A queued task is sent to the executor stream as a run_task() RPC command. The namespace of the stream is determined by the app_name attribute of the task. Any executor pulling from this stream will execute a run_task command.

The task is executed stage by stage consequently. At each stage an RPC message is sent to execute_stage() to tell that the stage is being executed. Then TaskExecutor performs the stage command using its own internal RPC server. At the end of each stage the stage result is sent to write_stage() method.

There is a possibility that the executor will receive a SIGTERM while executing a task. In such case it will suspend itself and all of its tasks by suspend_executor() command.

task execution process

Executor state monitoring

TaskManager monitors executor state using ping messages from executors. An active executor sends ping to ping() through RPC stream. If a particular executor doesn’t ping for too long, all of the tasks assigned to this executor will be moved into SUSPENDED state by the manager (and rescheduled in the next cycle). If the supposedly dead executor somehow will be able to send results for these tasks, such results will be ignored by the manager. Ping intervals and executor lifetime limits are described in Limit.

Configuration

The executor-manager system is stream-based and does not require direct HTTP connections. You can use multiple executor apps and instances with a single or multiple managers. However since there is no real-time urgency in executing service tasks, it would be reasonable to configure a single manager instance and just restart it on failure.

A simplified minimal config for an executor is shown below. Basically it requires a working RPC server and a stream listener connected to a specific topic. You don’t need to configure task or notification interface for an executor.
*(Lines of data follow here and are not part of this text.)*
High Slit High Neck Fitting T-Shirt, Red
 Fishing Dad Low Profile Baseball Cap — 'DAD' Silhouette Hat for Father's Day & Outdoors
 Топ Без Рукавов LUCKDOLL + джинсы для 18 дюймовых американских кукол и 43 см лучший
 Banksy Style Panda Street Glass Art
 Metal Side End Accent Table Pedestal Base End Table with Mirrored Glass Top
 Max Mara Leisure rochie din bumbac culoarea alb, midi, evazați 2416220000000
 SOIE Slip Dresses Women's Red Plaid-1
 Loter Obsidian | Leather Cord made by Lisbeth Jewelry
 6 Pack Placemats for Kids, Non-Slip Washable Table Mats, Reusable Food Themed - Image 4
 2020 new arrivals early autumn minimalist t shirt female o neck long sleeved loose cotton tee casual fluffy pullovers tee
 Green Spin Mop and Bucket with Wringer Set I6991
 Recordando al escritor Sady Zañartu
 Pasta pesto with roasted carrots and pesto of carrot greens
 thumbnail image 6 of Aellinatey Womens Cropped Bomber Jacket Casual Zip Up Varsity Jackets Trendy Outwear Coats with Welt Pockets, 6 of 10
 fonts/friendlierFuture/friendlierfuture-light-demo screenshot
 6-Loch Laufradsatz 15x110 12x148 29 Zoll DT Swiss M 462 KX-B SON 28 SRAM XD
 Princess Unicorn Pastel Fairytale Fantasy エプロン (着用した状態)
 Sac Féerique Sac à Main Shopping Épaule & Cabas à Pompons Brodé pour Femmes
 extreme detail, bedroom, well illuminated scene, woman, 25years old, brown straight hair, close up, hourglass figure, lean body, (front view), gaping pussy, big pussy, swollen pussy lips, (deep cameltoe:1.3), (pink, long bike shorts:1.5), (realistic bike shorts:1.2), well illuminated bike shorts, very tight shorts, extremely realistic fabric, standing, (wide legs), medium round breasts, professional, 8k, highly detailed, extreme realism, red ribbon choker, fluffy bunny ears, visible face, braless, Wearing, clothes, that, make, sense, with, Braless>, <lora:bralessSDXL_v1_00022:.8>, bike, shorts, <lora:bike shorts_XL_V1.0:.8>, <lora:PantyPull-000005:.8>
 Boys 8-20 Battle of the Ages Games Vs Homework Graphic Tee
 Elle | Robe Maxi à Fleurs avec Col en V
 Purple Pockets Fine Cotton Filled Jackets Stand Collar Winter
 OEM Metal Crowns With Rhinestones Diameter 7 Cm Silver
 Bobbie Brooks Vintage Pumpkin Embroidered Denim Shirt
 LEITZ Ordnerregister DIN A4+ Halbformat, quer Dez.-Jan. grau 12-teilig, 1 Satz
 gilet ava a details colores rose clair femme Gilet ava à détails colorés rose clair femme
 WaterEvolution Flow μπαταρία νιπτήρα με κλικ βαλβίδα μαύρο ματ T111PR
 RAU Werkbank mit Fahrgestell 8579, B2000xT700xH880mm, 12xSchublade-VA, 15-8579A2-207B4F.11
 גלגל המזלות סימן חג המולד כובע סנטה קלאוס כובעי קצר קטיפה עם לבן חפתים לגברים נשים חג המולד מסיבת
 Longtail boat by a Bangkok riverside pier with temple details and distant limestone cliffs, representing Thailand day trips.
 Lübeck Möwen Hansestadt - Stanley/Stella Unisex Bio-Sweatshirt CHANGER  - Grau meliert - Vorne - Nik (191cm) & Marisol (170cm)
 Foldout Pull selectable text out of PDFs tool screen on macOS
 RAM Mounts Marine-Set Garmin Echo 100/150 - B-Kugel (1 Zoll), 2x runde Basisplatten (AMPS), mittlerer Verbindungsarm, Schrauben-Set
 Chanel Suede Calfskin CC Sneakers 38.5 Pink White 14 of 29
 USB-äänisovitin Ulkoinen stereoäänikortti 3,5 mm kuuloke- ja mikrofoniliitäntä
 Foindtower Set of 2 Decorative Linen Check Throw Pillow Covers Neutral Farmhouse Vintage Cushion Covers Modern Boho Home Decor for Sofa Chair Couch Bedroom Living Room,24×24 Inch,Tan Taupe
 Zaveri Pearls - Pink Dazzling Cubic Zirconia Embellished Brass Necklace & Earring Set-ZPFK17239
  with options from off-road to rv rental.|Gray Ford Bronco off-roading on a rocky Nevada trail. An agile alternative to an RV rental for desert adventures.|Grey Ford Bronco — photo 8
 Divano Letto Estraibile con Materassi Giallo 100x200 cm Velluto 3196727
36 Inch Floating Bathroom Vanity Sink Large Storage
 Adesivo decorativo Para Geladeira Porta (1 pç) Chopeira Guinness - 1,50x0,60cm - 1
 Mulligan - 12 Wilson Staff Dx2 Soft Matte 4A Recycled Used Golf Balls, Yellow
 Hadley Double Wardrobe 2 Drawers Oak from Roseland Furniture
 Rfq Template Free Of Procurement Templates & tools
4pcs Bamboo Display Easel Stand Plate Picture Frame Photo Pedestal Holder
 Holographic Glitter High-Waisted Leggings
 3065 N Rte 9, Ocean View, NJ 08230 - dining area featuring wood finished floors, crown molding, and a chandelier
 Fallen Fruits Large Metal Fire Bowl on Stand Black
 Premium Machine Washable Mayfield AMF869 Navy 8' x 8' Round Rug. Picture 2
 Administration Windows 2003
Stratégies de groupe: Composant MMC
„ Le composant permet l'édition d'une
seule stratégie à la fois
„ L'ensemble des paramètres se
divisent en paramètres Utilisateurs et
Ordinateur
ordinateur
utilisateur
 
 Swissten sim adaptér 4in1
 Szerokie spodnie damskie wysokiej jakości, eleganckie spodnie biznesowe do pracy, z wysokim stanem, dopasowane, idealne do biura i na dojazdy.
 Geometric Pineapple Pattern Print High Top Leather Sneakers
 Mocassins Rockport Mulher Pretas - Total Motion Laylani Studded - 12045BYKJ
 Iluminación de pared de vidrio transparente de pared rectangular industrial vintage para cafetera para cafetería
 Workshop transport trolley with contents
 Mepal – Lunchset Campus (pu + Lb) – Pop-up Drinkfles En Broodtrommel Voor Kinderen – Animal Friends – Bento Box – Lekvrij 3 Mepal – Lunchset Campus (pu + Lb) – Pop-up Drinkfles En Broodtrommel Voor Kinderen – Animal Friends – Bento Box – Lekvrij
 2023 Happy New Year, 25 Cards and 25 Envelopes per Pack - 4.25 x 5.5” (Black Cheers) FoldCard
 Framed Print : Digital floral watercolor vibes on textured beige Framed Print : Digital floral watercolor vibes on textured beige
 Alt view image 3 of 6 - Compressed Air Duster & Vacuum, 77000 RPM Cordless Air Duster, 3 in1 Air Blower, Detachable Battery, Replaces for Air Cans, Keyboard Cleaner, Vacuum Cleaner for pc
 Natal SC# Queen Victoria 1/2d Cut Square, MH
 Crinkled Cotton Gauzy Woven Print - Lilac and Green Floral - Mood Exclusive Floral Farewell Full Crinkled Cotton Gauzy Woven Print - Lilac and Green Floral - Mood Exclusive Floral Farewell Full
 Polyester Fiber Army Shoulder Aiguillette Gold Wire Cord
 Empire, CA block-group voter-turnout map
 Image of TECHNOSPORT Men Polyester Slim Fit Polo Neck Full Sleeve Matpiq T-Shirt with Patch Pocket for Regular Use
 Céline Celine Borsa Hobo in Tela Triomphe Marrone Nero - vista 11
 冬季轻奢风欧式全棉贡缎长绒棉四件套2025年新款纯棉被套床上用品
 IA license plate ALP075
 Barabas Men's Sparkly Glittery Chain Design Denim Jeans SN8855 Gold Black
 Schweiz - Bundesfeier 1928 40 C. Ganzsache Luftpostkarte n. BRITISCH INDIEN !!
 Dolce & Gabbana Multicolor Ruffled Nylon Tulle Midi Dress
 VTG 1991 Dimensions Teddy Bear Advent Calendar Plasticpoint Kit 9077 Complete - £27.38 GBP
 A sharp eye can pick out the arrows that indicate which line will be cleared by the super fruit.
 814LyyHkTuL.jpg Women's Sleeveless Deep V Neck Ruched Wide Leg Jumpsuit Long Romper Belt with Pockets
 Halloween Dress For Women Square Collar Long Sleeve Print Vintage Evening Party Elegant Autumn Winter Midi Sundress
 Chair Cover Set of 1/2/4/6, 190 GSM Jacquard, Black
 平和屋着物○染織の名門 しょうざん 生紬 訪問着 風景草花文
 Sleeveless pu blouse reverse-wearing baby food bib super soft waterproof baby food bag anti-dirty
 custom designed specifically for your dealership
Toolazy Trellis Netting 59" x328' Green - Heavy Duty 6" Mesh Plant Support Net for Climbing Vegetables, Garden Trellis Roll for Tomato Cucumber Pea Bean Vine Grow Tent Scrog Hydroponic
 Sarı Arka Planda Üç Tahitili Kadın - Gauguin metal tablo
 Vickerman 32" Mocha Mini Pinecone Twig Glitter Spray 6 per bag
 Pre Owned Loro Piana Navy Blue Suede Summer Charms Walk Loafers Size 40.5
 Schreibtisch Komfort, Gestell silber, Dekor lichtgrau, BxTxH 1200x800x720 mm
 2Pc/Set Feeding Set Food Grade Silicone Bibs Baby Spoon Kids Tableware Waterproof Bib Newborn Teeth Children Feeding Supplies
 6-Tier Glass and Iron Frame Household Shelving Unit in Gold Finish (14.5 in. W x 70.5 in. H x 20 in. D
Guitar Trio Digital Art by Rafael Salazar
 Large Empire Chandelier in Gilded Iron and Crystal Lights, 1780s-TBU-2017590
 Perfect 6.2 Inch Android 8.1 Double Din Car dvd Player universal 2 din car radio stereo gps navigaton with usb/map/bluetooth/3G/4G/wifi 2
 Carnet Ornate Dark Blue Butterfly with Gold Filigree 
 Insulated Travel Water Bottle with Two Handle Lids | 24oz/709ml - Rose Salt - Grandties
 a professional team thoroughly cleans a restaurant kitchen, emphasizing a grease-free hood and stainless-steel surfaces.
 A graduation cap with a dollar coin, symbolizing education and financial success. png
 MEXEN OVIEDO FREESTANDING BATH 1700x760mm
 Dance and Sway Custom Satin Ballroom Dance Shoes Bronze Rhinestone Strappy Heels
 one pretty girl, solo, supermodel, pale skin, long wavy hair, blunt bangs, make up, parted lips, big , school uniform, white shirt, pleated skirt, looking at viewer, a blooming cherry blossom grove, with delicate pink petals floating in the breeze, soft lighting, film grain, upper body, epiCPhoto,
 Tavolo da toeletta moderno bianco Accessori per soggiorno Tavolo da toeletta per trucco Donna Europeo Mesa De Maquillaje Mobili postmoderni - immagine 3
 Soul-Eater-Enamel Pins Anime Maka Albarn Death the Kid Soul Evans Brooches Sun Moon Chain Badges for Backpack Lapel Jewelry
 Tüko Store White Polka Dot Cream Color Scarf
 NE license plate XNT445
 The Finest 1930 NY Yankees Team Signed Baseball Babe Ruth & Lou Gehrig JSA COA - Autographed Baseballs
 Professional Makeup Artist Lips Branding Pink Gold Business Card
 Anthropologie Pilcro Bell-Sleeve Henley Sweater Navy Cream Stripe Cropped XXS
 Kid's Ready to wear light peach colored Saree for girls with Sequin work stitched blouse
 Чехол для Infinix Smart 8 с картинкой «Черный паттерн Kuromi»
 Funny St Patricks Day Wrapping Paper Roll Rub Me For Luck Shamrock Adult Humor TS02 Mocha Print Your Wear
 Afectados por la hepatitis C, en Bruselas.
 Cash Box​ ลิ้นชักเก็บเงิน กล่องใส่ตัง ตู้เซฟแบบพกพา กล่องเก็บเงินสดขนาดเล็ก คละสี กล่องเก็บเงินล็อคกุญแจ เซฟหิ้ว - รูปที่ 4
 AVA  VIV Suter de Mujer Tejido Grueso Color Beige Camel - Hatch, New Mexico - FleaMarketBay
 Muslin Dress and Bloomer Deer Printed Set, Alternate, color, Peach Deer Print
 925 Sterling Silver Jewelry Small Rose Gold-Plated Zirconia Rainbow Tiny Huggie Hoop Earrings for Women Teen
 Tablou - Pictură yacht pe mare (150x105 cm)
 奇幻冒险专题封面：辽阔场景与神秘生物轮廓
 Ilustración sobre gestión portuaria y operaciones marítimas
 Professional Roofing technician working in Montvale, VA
You also should provide manager_topic name to the executor to send data to the manager.

If you’d like to configure a single manager for multiple applications you should also provide manager_namespace specifying a manager app name (otherwise the executor’s app namespace will be used).

- cls: RedisStreamRPCClient
- cls: RedisListener  # executor stream
  name: redis_stream.executor
  enabled: "[services_tasks_executor_enabled]"
  settings:
    group_id: "[main_name]"
    topic: executor
    max_batch_size: 10
    max_parallel_batches: 1
    scope: SYSTEM
- cls: TaskExecutor  # user task executor
  enabled: "[services_tasks_executor_enabled]"

A manager would require database access as well as notification and task interfaces.

- cls: NotificationService
- cls: RedisStreamRPCClient
- cls: RedisListener  # manager stream
  name: redis_stream.manager
  enabled: "[services_tasks_manager_enabled]"
  settings:
    group_id: "[main_name]"
    topic: manager
    scope: SYSTEM
- cls: TaskManager  # user task manager
  enabled: "[services_tasks_manager_enabled]"

In this configuration my_app executor would listen to dev.my_app.executor stream and will send to dev.manager_app.manager stream, and the manager will listen to dev.manager_app.manager and send tasks to dev.<specified_app>.executor streams depending on Task.app_name value.